Cerca o lejos
Editar para televisión es un trabajo exigente. Se cumplen jornales como de fábrica, se trabaja con la rudeza de un carpintero que necesita convertir un tablón en un cajoncito. Pienso en todo el material que tengo y lo pongo sobre la mesa para tratar de reconocerlo. Entiendo que tiene distintas naturalezas: la ficción de los hermanos Bolten, el documental y las entrevistas, las marionetas en su retablo, el archivo fílmico que yo misma elegí, el archivo gráfico de diarios y fotografías.
A cada naturaleza le corresponde un color, pero todo eso no es más que una cáscara, una estrategia de ordenamiento a los fines prácticos. Porque luego viene la realidad de lo que esos materiales nos ofrecen. ¿Les creo a los actores en esa escena? ¿Qué tan interesante o conmovedor es eso que dice el entrevistado? ¿Cómo se hace para convertir su cadencia dudosa y sus palabras estiradas en una frase segura y clara? El contenido, la información de lo que dice, ¿me alcanza para construir lo que necesito o será necesario guionar una voz en off?

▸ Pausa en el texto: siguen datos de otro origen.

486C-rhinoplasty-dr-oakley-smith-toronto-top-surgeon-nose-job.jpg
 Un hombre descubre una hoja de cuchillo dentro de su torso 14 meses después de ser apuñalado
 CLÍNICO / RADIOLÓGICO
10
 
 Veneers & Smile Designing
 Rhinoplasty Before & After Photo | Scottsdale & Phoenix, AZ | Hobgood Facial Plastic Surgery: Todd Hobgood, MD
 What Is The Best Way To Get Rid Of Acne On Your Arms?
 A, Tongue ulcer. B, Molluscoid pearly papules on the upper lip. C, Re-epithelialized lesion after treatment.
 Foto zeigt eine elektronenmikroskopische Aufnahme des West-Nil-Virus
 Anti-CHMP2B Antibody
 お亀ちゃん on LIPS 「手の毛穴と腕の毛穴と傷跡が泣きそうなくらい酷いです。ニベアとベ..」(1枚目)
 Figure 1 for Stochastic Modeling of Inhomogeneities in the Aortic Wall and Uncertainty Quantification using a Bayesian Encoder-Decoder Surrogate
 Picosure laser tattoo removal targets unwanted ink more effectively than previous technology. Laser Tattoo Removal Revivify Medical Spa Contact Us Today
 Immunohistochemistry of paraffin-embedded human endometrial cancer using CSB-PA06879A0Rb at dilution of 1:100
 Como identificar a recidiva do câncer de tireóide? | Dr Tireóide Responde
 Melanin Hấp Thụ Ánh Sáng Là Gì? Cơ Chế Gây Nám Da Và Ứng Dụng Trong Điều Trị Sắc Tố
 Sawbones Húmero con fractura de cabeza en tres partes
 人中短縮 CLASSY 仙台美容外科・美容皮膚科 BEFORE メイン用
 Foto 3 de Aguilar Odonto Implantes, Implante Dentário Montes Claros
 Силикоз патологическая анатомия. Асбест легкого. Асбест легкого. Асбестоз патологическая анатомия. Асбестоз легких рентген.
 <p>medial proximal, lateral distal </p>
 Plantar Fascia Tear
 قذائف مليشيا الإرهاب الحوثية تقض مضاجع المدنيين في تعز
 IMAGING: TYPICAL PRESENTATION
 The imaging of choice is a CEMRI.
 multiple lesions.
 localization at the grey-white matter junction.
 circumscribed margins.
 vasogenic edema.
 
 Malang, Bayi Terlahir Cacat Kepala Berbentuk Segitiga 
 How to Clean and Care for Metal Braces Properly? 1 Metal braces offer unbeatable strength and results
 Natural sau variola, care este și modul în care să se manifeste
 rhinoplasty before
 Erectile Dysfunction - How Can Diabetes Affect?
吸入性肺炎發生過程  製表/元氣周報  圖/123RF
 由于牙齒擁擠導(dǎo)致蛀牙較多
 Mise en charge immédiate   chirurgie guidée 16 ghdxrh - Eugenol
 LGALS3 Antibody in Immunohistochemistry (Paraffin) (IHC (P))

Me doy cuenta de que hablo como si todo fuera mío. Creo que hay un proceso natural de apropiación del material, un asumirlo propio como si fuera yo misma quien hizo la dirección, la producción, la foto, el sonido y el arte de cada plano que tengo en mi proyecto. Siento que todo me pertenece y es mío mientras siga siendo la editora de este capítulo (ahora que pienso, quizá de allí venga la gran angustia de imaginar que otro editor va a continuar nuestro trabajo: de que nos quiten lo que es nuestro). Es mío porque me importa. Y porque necesito tener una licencia de trabajo sobre él, saber que hago lo que quiero con tal de aproximarme. Y me he ganado este lugar, porque en la soledad de mi isla de edición me toca resolver los problemas irresueltos del rodaje y tomar decisiones que nos ayuden a vislumbrar posibilidades con los directores.
Yo sé que dentro de cinco o seis días, todo eso estará más cerca de llamarse capítulo. Sé que alguna vez, cuando sea emitido por la tele, voy a volver a mirarlo y no voy a poder identificar dónde estuvo mi mano, qué dependió de mí o se amalgamó de manera mágica para convertirse en el capítulo que es.
«El montaje es un trabajo aproximativo», me digo siempre a mí misma. Es la única manera que encuentro de seguir confiando. Recorto los brutos y estoy más cerca. Armo paneles de estructura y estoy más cerca. Arribo a un primer corte y estoy más cerca. Lo veo con los directores y estoy más cerca. Así, en ese orden.
Pero ahora, después de preseleccionar entrevistas, armar cada escenita y un primer corte de no-guion (porque en el documental siempre será así), me reconozco perdida en la mitad exacta del camino. Corro el riesgo de naufragar. Allá en el horizonte, el cielo se confunde con el agua y no logro visualizar el futuro de estos materiales atomizados como cápsulas, tan distintos entre sí como los colores que elegí para identificarlos en mi línea de tiempo.
Me tranquilizo. Recién es el día dos o tres de edición de este capítulo, y, por esa hiperactividad de los crueles cronogramas de TV, sé que no pasarán más de dos o tres días para que el emulsionante mágico comience a hacer efecto, para que vaya apareciendo ese hilo breve y fino que comienza a unir ideas, ritmos y recursos estéticos de manera sorprendente.
«Es un trabajo aproximativo», me repito.
Doblevé es el gallo que da nombre a la serie, y como ya terminó el rodaje se vino a vivir con nosotros al patio de El Calefón. Esta mañana estuvo cantando. Tiene voz de gallo viejo y una dulzura inexplicable para un animal así. Ya está cayendo la tarde y estamos solas con Anita. Sentimos a Doblevé caminar por el living: nos viene a buscar para que lo llevemos a su jaula. Él necesita eso para terminar su jornada. Lo llevo y cierro mi proyecto también. Será hasta mañana.